Nkandla ad hoc committee to meet

The special ad hoc committee will meet for the first time this morning.

The special ad hoc committee will meet for the first time this morning. Picture: EWN.

CAPE TOWN - Parliament's process to see that Public Protector Thuli Madonsela's recommendations on the millions spent on President Jacob Zuma's Nkandla home are implemented gets underway today.

The ad hoc committee set up to do the work will meet for the first time this morning.

The committee will have before it Madonsela's report, which found that Zuma breached the executive code of ethics and recommended he repay some of the nearly R250 million spent.

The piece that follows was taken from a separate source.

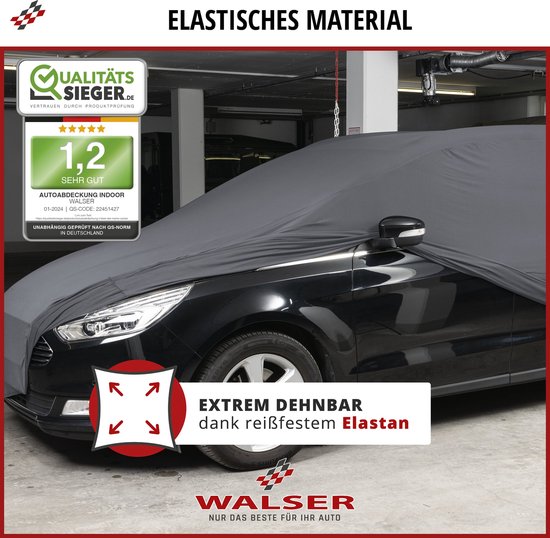 Zwarte auto met grijze, extreem rekbare autohoes van elastisch materiaal, in een garage.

It will also have the report by the government's task team, which exonerated Zuma, the Special Investigating Unit's provisional report and Zuma's response to Parliament submitted earlier this month.

The committee's first job will be to elect a chairperson, likely to be the ANC's recommendation of Cedrick Frolick, but the big fight will come when the committee decides its mandate.

The five opposition MPs on the 11 member committee will meet to decide on a common position.

They want president Zuma to be called to answer questions.

Madonsela's readiness to appear before the committee is already on record, but it will be up to the committee, where the ANC has a majority, to decide how it proceeds.

The ad hoc committee has until 24 October to report back to Parliament

Meanwhile, Madonsela has dismissed as 'ridiculous' claims that she is working with political opposition parties and has called on the African National Congress (ANC) to reign in people who have no respect for others.

On Thursday, Madonsela revealed she will request a meeting with President Zuma to discuss the way forward in relation to her Nkandla report.

The Public Protector and her office have been under attack since a letter she wrote to Zuma giving him an ultimatum to respond to the findings she made in her report, which was also leaked to the media.

Madonsela has told EWN she cannot comment on the unfolding events in Parliament because she may at some point be asked to investigate the state's reaction.

She says she has no plans to approach the courts over the president's response to her Nkandla report but reiterates that those attacking her office must think before they speak.